William Eggleston, Untitled (Sumner, Mississippi, Cassidy Bayou in Background) 2011 |
Eggleston’s photographs tell stories in a
way that photography in a post-photographic world does not. A man’s hand
picking something off the ground reflected in the fender of a car, a black man
and a white man standing together in what looks like a remote location, a car
with its door still open behind them, or an old man sitting on bed with a gun
at his finger tips. All these images are swelling with a story that’s not yet
told. All these images hold us before
them, conjuring up the narratives that have led to the moment Eggleston finds
in the image. In other photographs, the mystery is ignited and the story begun
through the framing. It’s rare that Eggleston includes the whole object in the
image, mostly it’s parts of objects, places, even people, that come into his
frame to create textures, shapes, patterns, and thus, to give them a before and
an after. Our imaginations are tempted.
William Eggleston, From Los Alamos Folio 1, Memphis (supermarket boy with carts), 1965 |
So much of what Eggleston is doing, so much
of what makes these works not possible in today’s post-photographic world lies
in the materials of his art. Everything in these photographs begins with the
richness and materiality of their color. The color is not only vibrant and clear,
but the colors themselves are unusual for today’s viewers. The pinks and
yellows and cobalt blues are the result of Eggleston’s use of the dye transfer
process. A boy pushing shopping trolleys, a woman in the car with her children,
even a television bathed in the yellow light of the setting sun are so rich
that on seeing the photographs, it’s as though Eggleston discovers the
existence of this magical hour of the day. The yellows, pinks, greens are
bright, intense, deeply saturated and with not a trace of disintegration over
the years. Eggleston discovered the dye transfer process in the early 1970s as
a printing process that would allow for the reproduction of intense colors: in
its original use for advertising, the brighter the color, the more attractive
the product. Eggleston takes uniqueness of dye transfer—its larger color gamut
and tonal scale than any other process—and sees the world through its possibilities.
Again, it’s as if the world he discovers did not exist before he saw it through
the lens of his photographic process.
William Eggleston, From Dust Bells, Vol 1 Memphis, c. 1965-68 |
But it’s not all process, because Eggleston’s
photographs are anything but advertising. It’s something to do with the fact
that the places and spaces, the objects and even the people are rarely
photographed in their entirety. Composition is of utmost importance to the
poignancy and odd simultaneity of mystery in these photographs. Similarly, he
points his camera at the decay that he finds on the streets of the 1970s
American South. The overwhelming sense of decay to the places and objects and
surfaces that fill these photographs put them at a remove from the advertising
images for which the dye transfer process was made.

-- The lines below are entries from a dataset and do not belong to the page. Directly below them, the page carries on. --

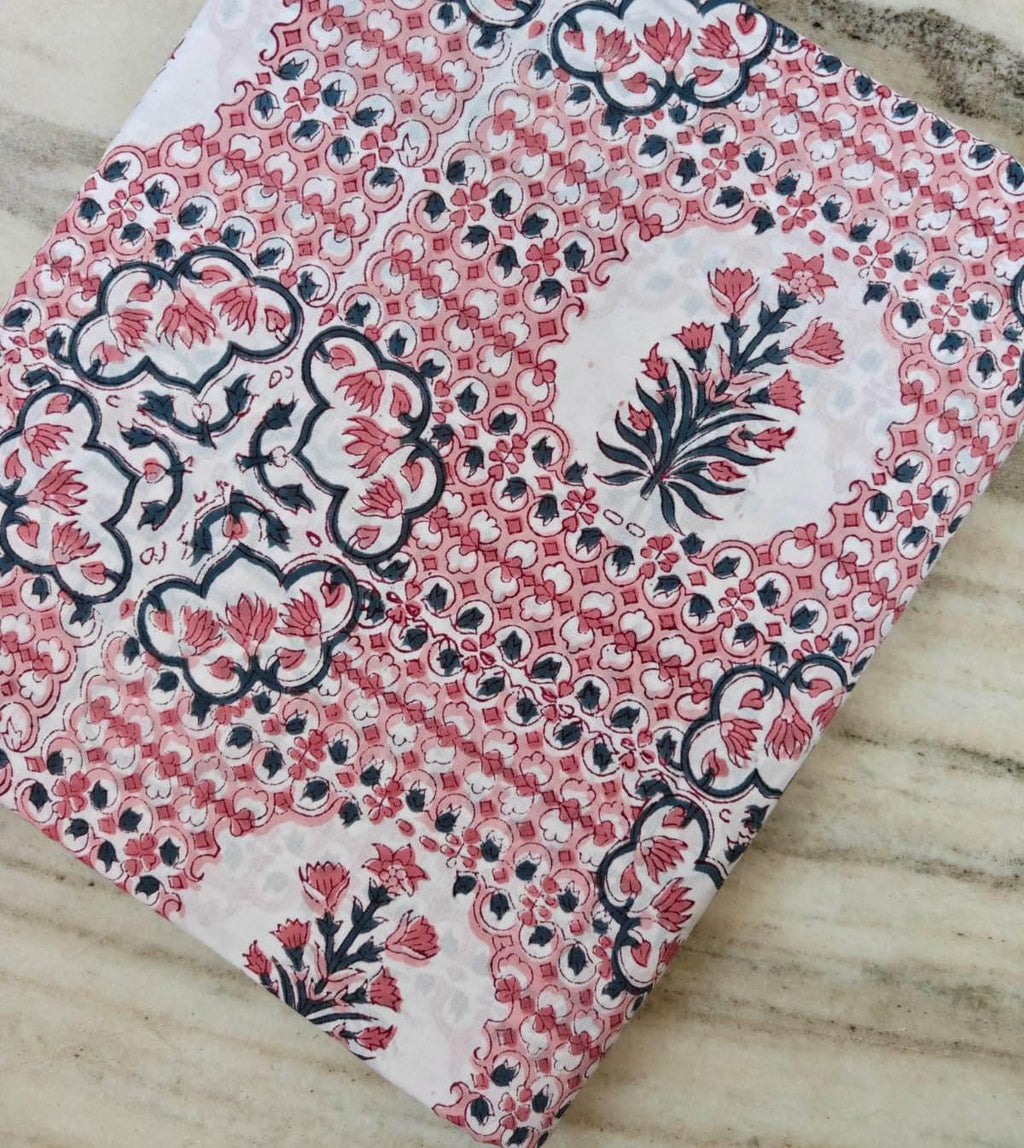 Pink Floral Cotton Fabric, Indian Block Print Style, Vintage Medallion Botanical Fabric, Quilting Sewing Fabric By The Yard, Running Fabric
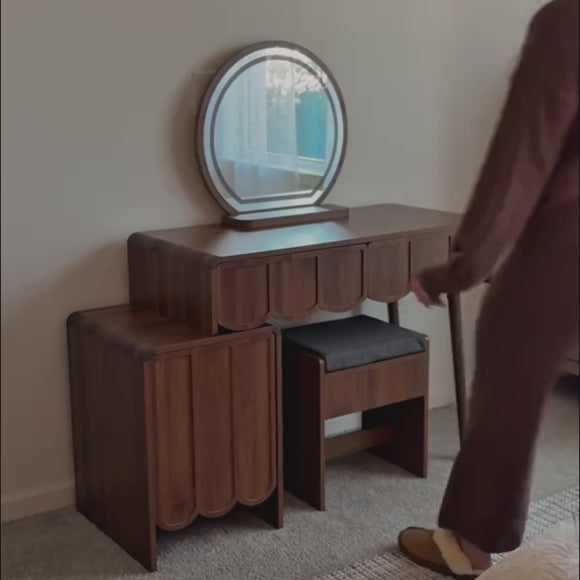 Wood Wave Panel Vanity Desk Video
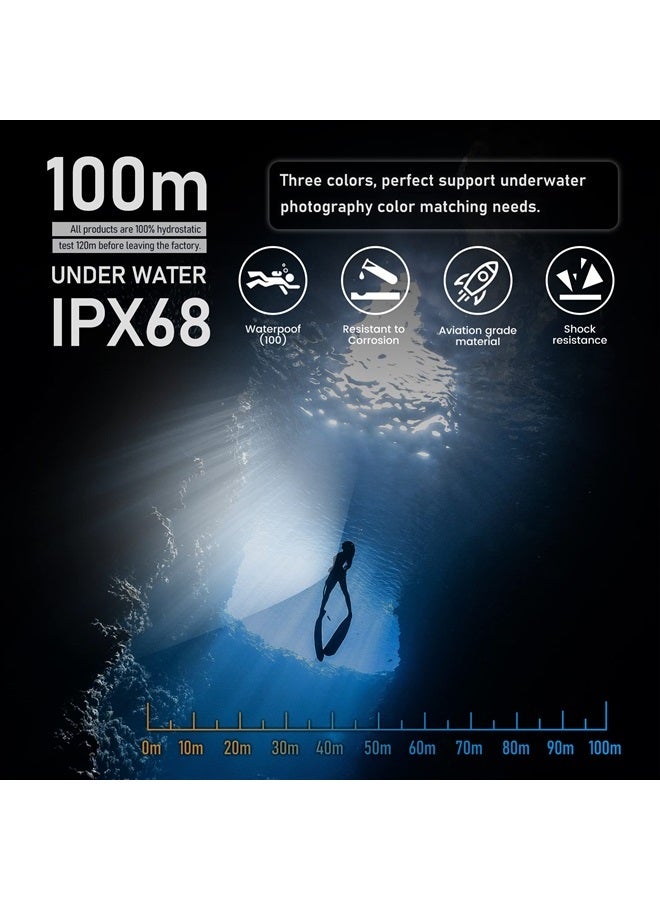 LetonPower Diving Flashlight,LetonPower L12 8000Lumens Dive Light,100m Underwater Video Light, Scuba Dive Lights, Underwater Flashlight with Type-C Charging for Professional Under Water Sports - Image 4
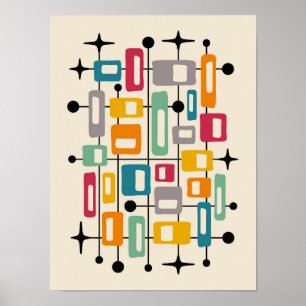 Poster Meio século Atômica moderno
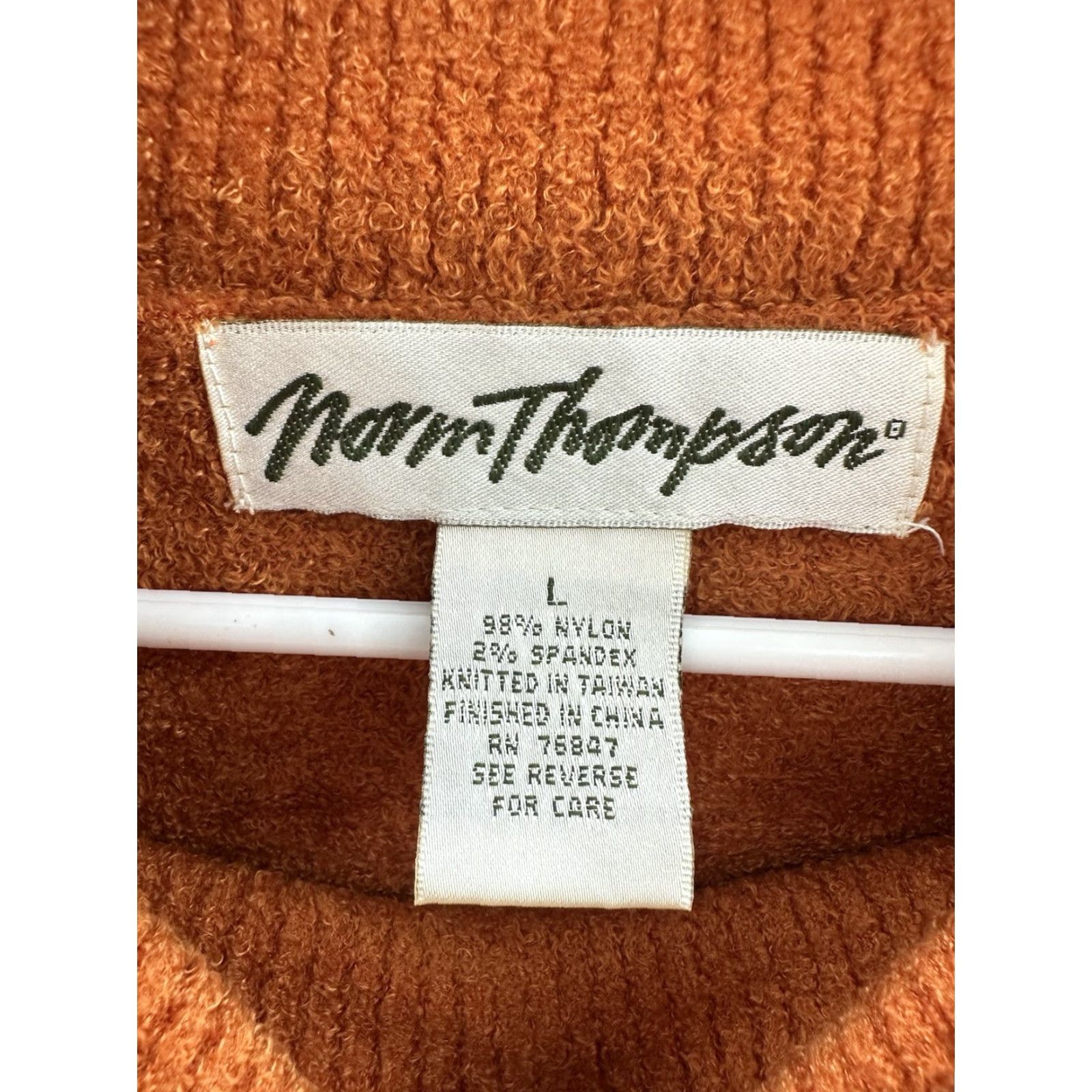 Jim Thompson VINTAGE Norm Thompson Womens Sweater Orange Long Sleeve Turtleneck Size Large Pullover Knitted Knit-Style All Seasons 90s City Classic Womens Size L / US 10 / IT 46 - 4 Thumbnail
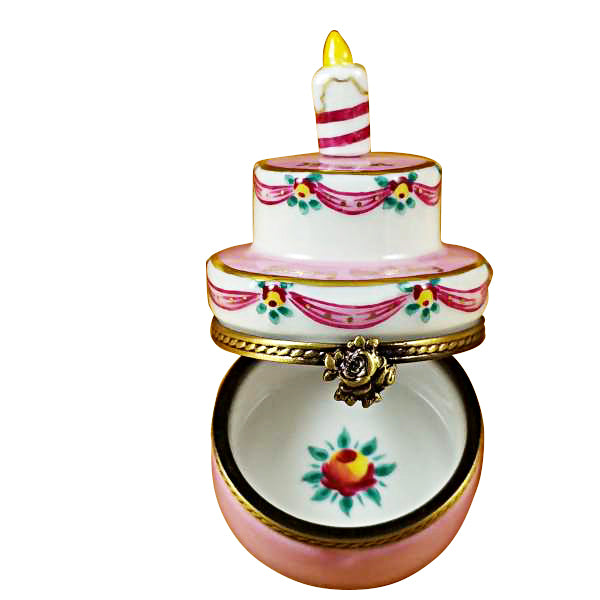 Pink Birthday Cake with Candle 39 AGAIN Limoges Porcelain Box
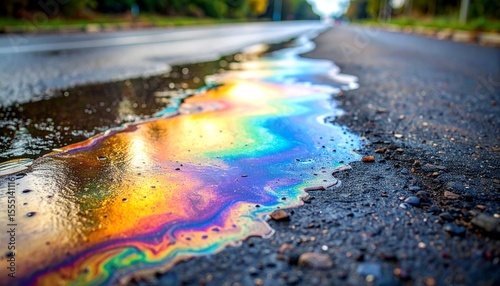 Oil Spill Rainbow: A striking, macro view of oil sheen on asphalt. The oil's colors beautifully reflect sunlight, creating a vibrant rainbow effect that highlights the textures and patterns.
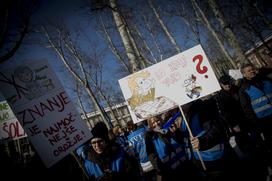 protest stavka Ljubljana Sviz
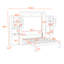Grand lit escamotable en bois avec coiffeuse et armoire et lattes-767193903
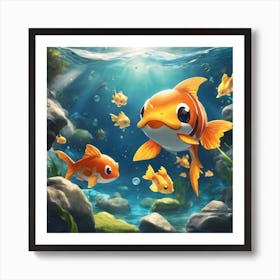 Goldfish In Water Art Print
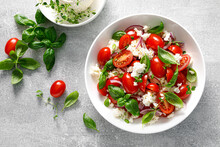 Salad With Tomato, Italian Ricotta Cheese And Basil, Top View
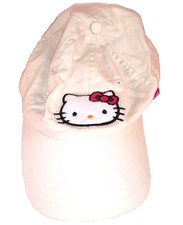 Hello Kitty Hat Cap Strap Back Cream White Em...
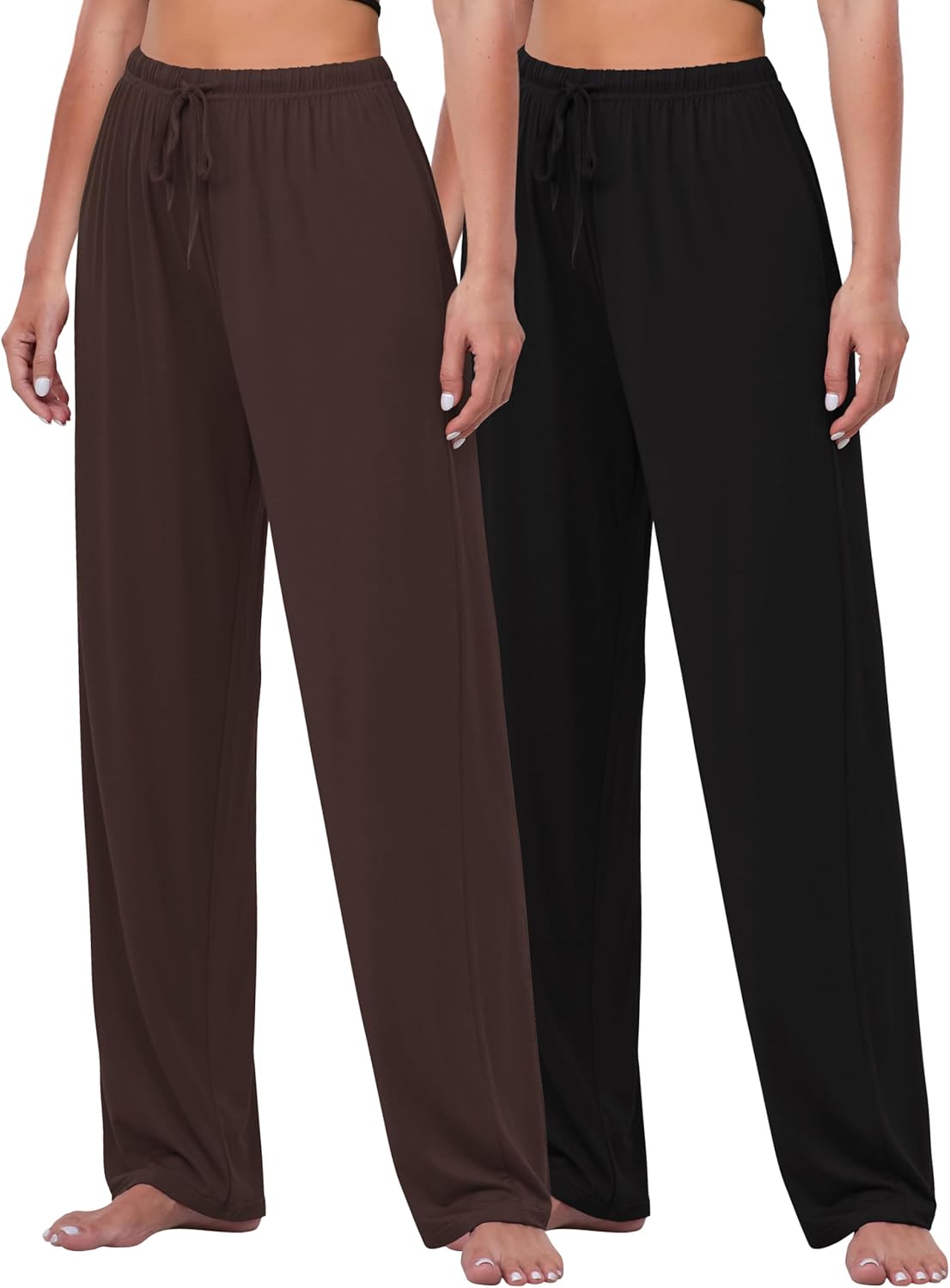 FEQO 2 Pack Women's Lounge Pants Wide Leg Yoga Pants Casual Pajama Bottoms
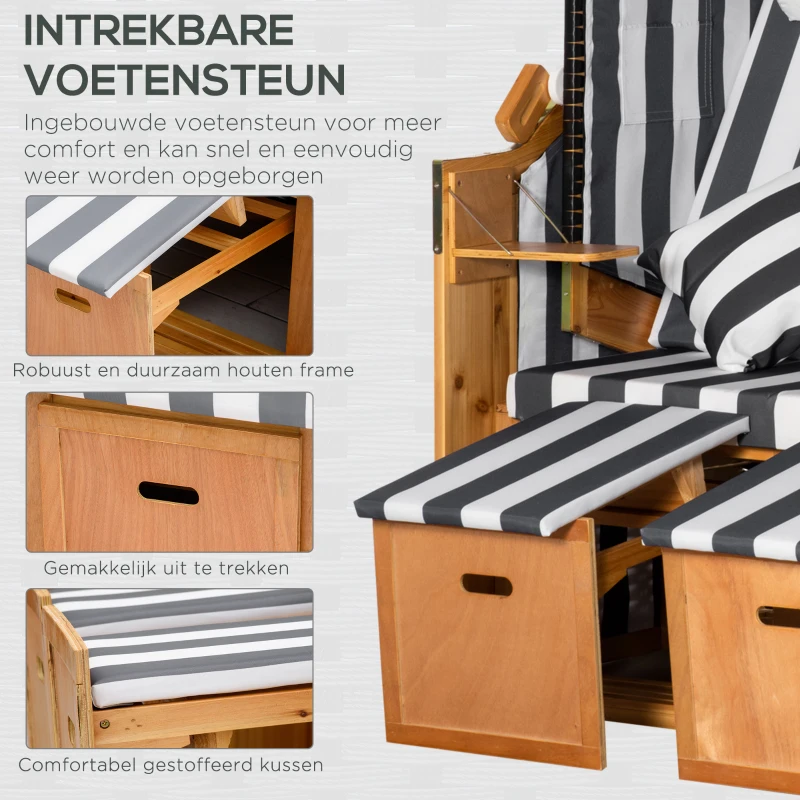 Outsunny strandstoel dubbele ligstoel met opklapbare daktafel grijs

William Eggleston, From Los Alamos, Folio 4 Louisiana, c. 1971-74 |
The images are everywhere about the
American South. When a black man and a white man lean at two different service
windows of the same Real Pit Bar B-Q joint, for all the perfection and
suggestion of the harsh fluorescent lighting, there’s one thing we see: a black
man and a white man leaning at different windows. This is the American South
after all. And the gentleness of the light on a wet street in Los Alamos
(maybe) cloaks four women on a street corner, making them anything from friends
out at night to prostitutes waiting for business. It’s difficult to say which. There’s not much
sadness in Eggleston’s worlds, just age and many sets of stories that we cannot
know, but which are begun through the suggestions of what finds its way into
the image.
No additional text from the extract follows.